Don’t get your libido tied in a knot. Have a little soy! Edamame with your sushi, tofu if you like the taste. But eating microwaveable, processed, frozen, dehydrated, preservative and chemical laden fake meat as a replacement for the real thing is like selling your car because the horn doesn’t work. If you want to lose weight, don’t cut off your leg. There are 30 listed ingredients in Morningstar Farms Vegan Chik’n Strips, many of which we can’t pronounce. The first ingredient listed is water and the second is SPI. There are 3 ingredients in one of my orgasmic chicken recipes: Chicken breast, saffron and lemon juice. Assuming you got your libido back, which one turns you on?

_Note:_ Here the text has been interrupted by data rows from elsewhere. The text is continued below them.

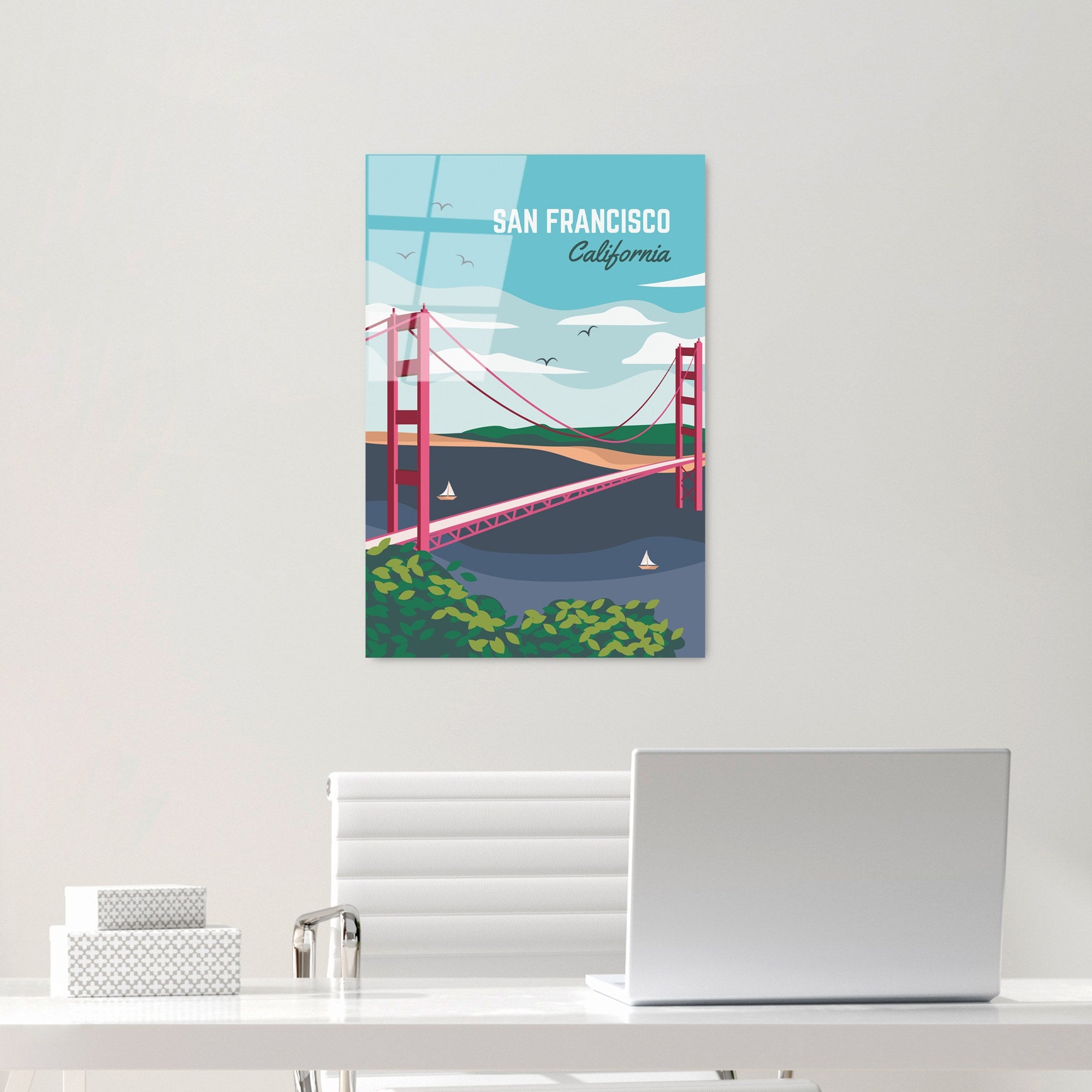 Quadro Decorativo em Vidro Temperado Multicolor 30x45 cm (4 mm) UV-1023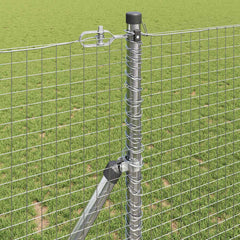 Welded Wire Fence Ground Fix 50 x 1 m Silver Galvanised Steel mesh Size 2.5 x 2.5 cm mesh 1 m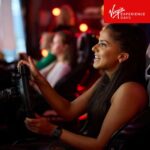 Virgin Experience Days F1 Arcade Simulator Racing Experience with Prosecco and Small Plates for Two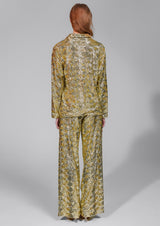 Wide-Leg Sequinned Trousers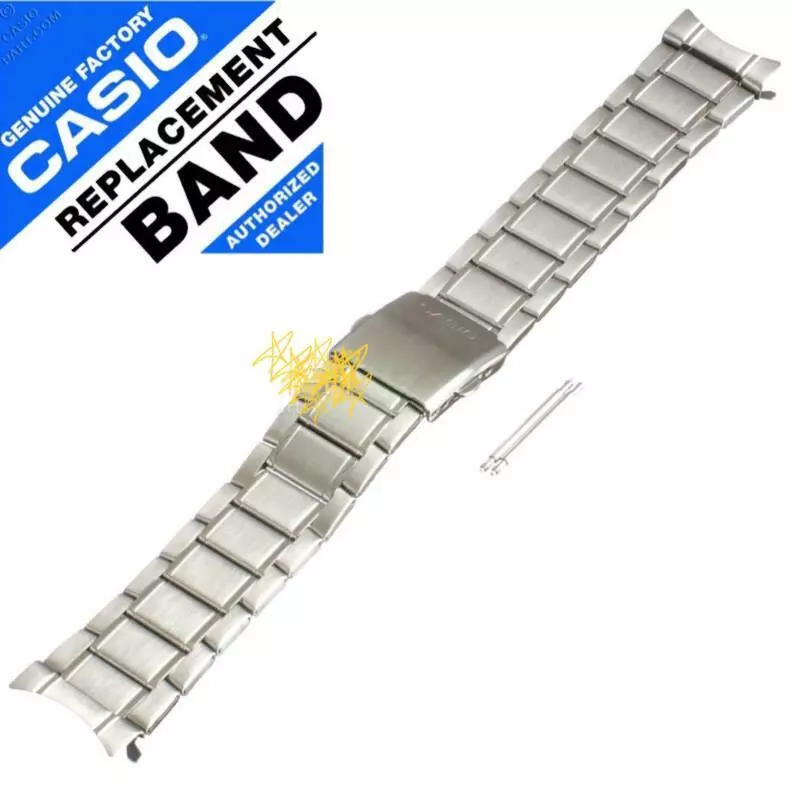 Genuine Casio Watch Band MDV-106 MDV-106D Stainless Steel Metal Strap  Bracelet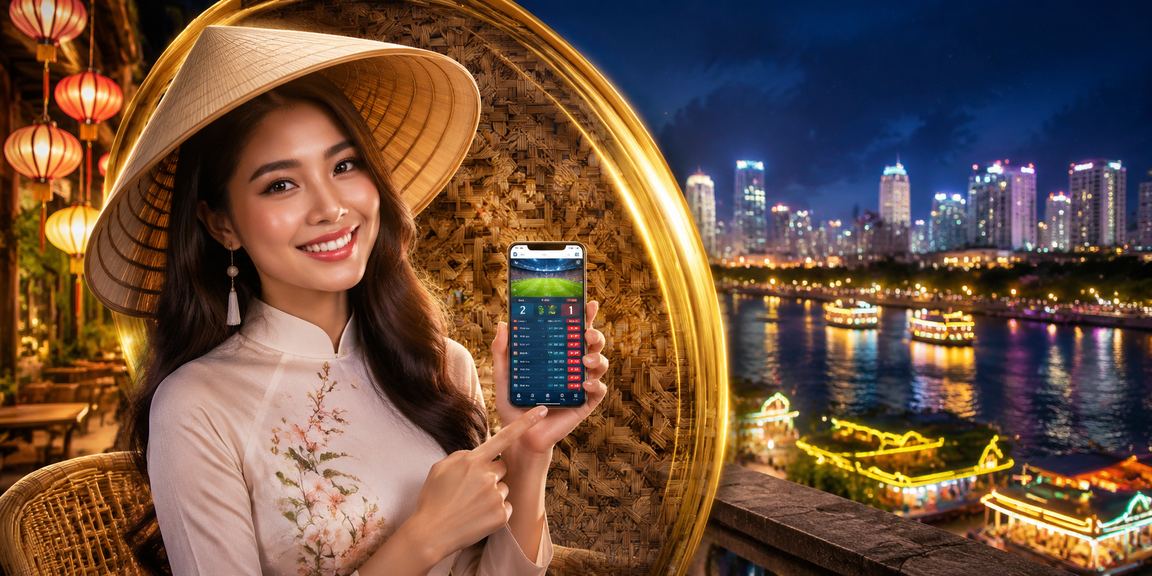Người dùng vùng Mekong chơi casino trên điện thoại ngoài trời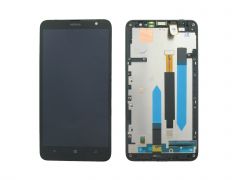 Nokia Lumia 1320 LCD Black With Frame OEM - 5508130123145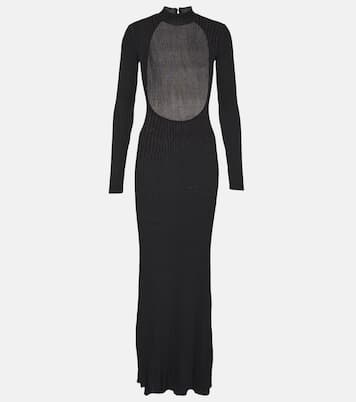 Palmira ribbed-knit maxi dress | Staud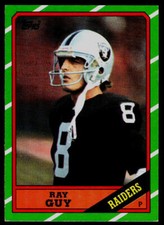 1986 Topps #69  Ray Guy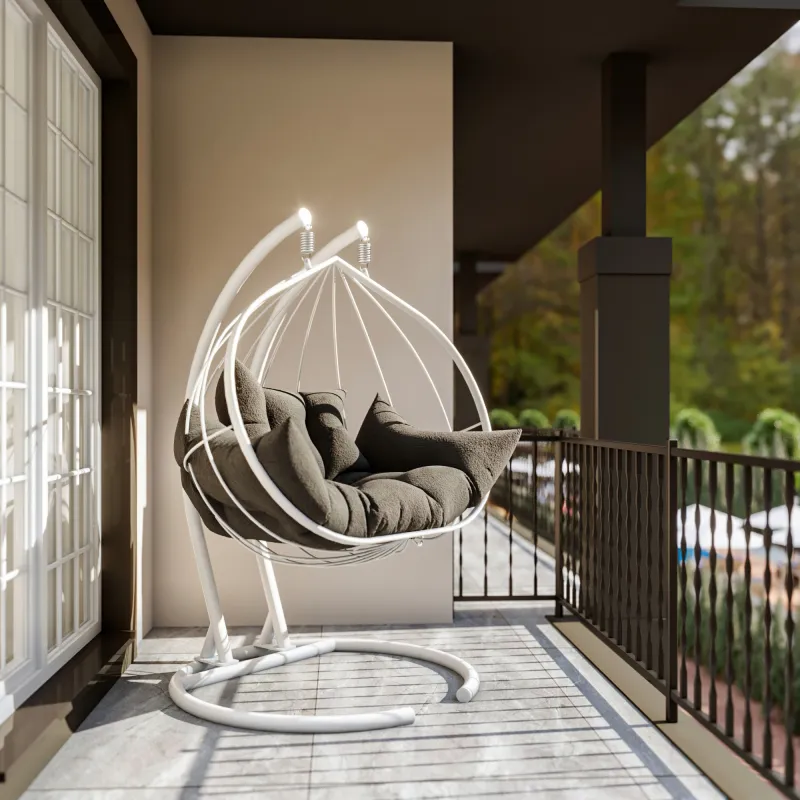 Balansoar Interior sau Exterior Hanedan - Anthracite, White  - 3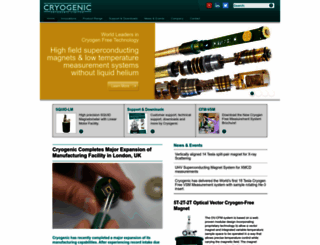 cryogenic.co.uk screenshot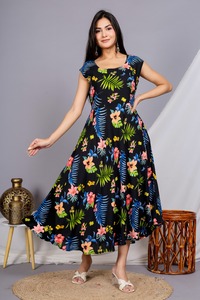 ชุดเดรสยาวถึงเข่า/กลางต้นขาหลากสีชุดเดรสผู้หญิงที่สง่างามทันสมัยล่าสุดมีคลาส - Product Image 2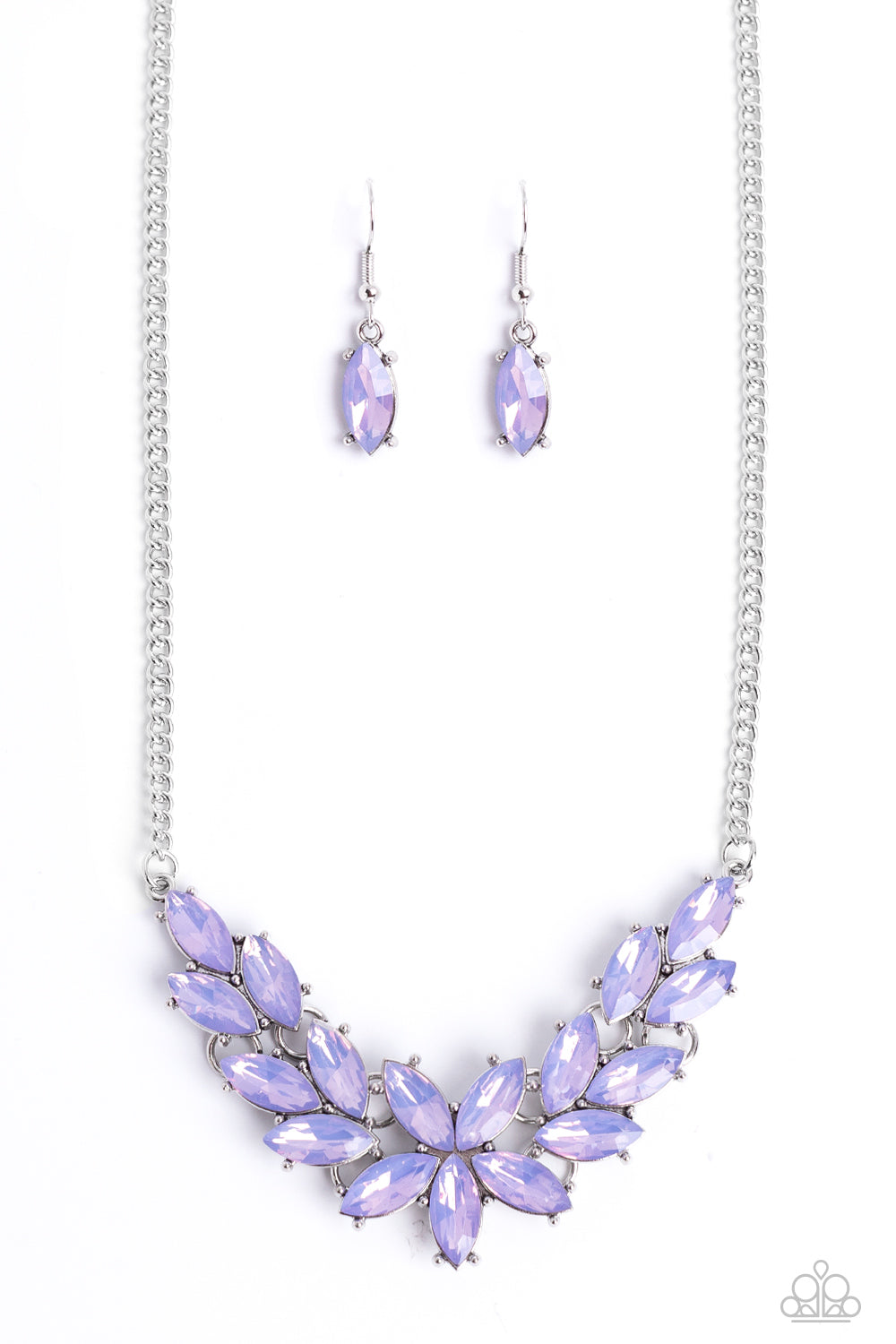 Ethereal Efflorescence - Purple-Necklace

Speaking of being turned on, nothing gives me more pleasure than crackin’ off a couple of bricks or dropping the kids off at the pool. (Okay, I can think of one thing that’s better.) But pooping is more than just shit, wipe and flush. It’s the last “hoorah!” in a long process of eliminating waste and detoxifying the body.
Proper detoxification has an impact on almost all of the body’s systems and can have a beneficial effect on most chronic illnesses and weight loss. Being that our bodies are perfect machines, detoxification should happen naturally when the machine is functioning at optimal levels. But considering that most Americans put shit into their mouths before their shit comes out, going on a detox or cleanse is a band-aid on a broken bone. Everything you put in your mouth every single day should aid your body in the natural detox process. If it did, you probably wouldn’t be dealing with chronic conditions such as headaches, acne/skin problems, allergies, low energy, fatigue, poor sleep quality/insomnia, respiratory difficulties, stiff and aching joints/muscles, digestive problems, depression, moodiness, and impaired liver function. And you sure as hell wouldn’t be carrying around 15 or more pounds of extra fat.
Probably the most famous detox is The Master Cleanse or the Lemonade Diet. Beyonce Knowles admits to using this cleanse to drop 20 pounds in 2 weeks for her role in Dreamgirls. She also claims, “As soon as it was over, I gained the weight back.” 14 days of suffering, depriving and shitting her brains out to be thin for one day. When people think about losing weight, they think about losing fat. But this is nothing more than water lost and water gained.
If you want to detox, fine. If you want to detox to lose lots of weight? Houston, we have a problem! Lifetime weight loss has to be earned. You can’t just poop it out and be done. So go ahead… squeeze some lemons into maple syrup and water, pepper it and drink for 10 days straight, no cheating. And then when your cleanse is over, you’ll go back to your drive-thru and get your fix.